DATASET RECORDS:

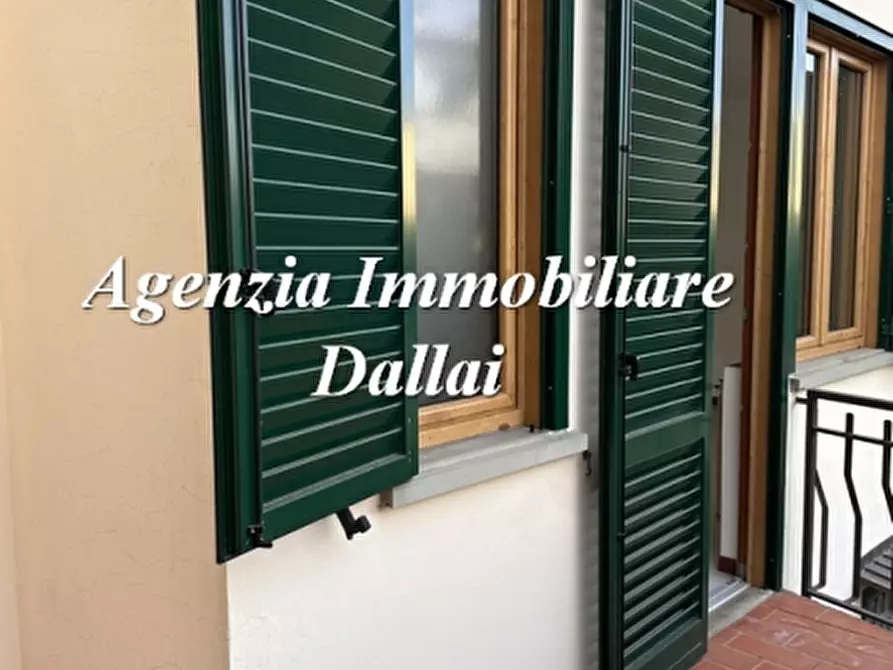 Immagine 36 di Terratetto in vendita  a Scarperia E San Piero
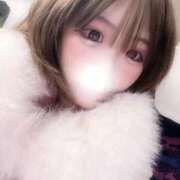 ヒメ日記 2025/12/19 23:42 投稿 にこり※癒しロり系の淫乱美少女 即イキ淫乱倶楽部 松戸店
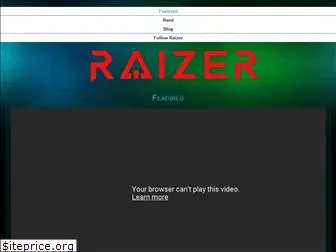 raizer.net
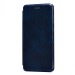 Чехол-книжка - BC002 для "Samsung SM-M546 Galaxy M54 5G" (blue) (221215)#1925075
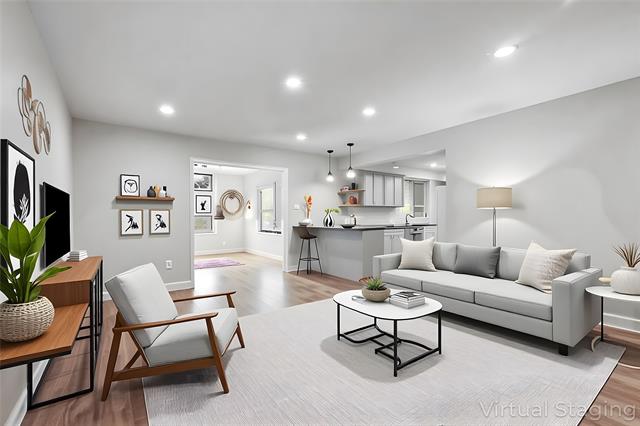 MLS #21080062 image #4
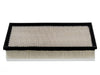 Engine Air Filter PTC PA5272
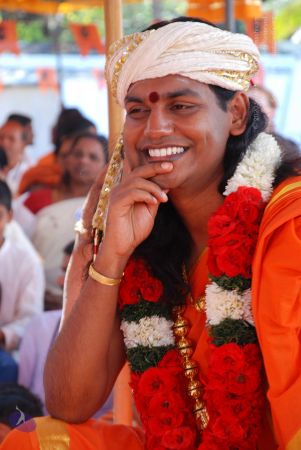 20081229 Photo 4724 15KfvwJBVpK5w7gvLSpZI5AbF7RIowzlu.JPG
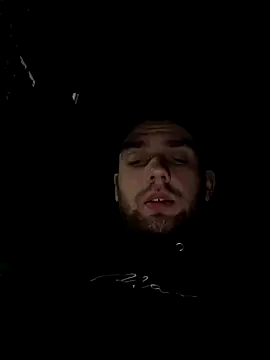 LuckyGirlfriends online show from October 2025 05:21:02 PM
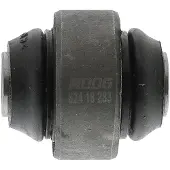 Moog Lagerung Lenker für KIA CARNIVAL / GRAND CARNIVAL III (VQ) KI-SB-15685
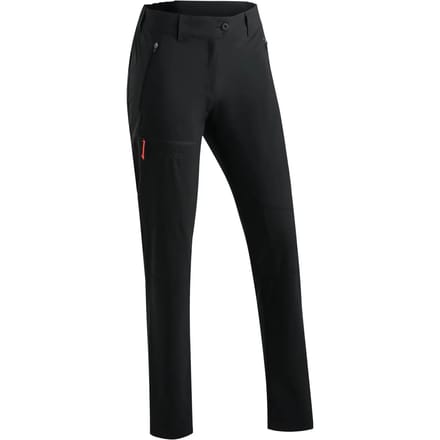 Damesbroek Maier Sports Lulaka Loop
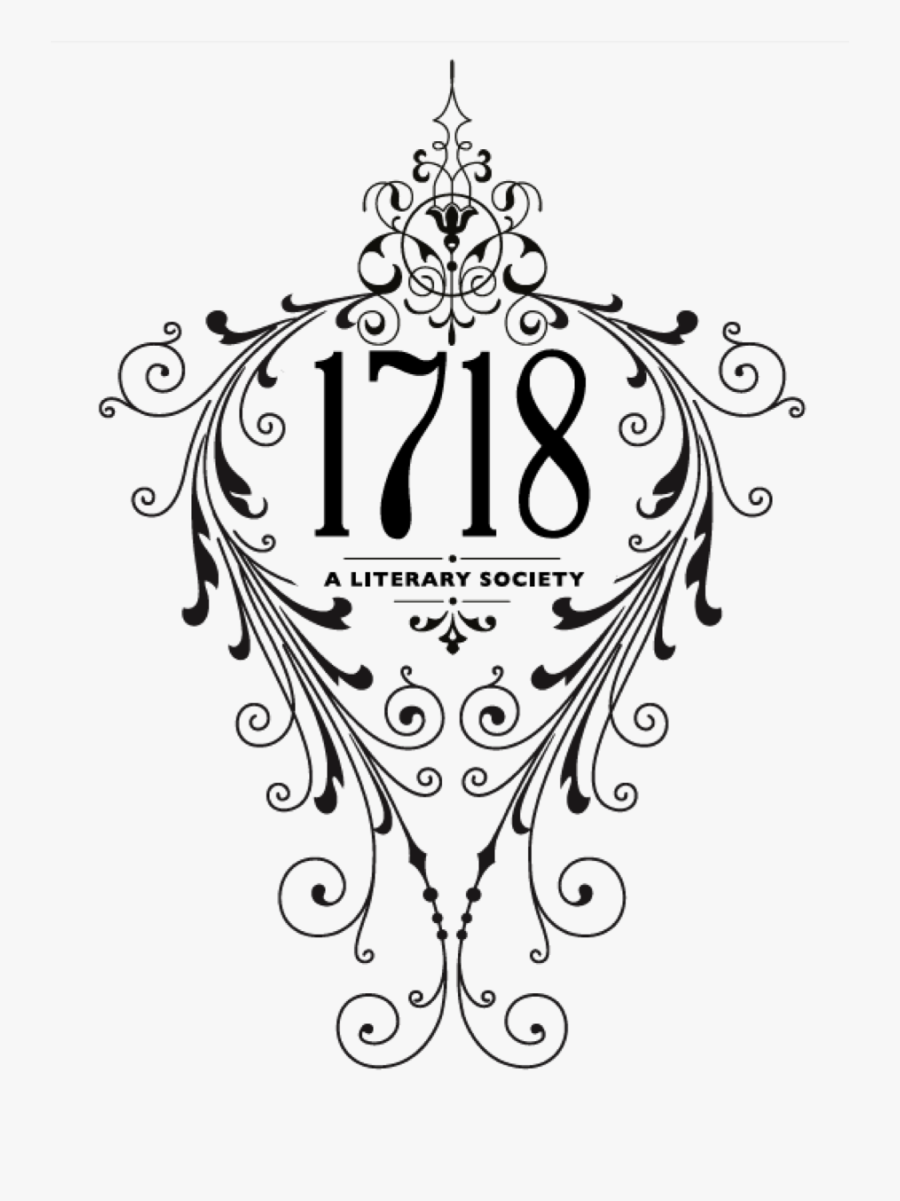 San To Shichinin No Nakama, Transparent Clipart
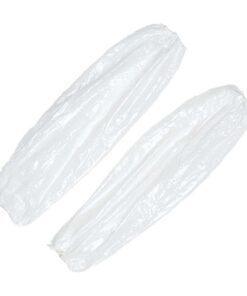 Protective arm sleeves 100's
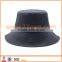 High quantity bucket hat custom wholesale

--

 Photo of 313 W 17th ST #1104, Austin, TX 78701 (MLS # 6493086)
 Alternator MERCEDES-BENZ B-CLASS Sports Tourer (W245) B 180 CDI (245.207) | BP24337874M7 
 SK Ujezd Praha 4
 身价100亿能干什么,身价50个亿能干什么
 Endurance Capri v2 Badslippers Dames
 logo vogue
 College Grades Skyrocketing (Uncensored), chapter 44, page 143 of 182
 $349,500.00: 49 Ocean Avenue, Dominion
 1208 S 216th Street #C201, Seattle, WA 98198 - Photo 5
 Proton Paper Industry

WHAT TO WORK ON: Please transcribe exactly the part of the records that opens with the line containing "Immagine 36 di" and closes with the line containing "Engine Air Filter PTC PA5272", both ends included, and leave out the pictures.

EXERCISE OUTPUT:
 Immagine 36 di Terratetto in vendita  a Scarperia E San Piero
 ヒメ日記 2025/12/19 23:42 投稿 にこり※癒しロり系の淫乱美少女 即イキ淫乱倶楽部 松戸店
 raizer.net
 Чехол-книжка - BC002 для "Samsung SM-M546 Galaxy M54 5G" (blue) (221215)#1925075
 MLS #21080062 image #4
 Engine Air Filter PTC PA5272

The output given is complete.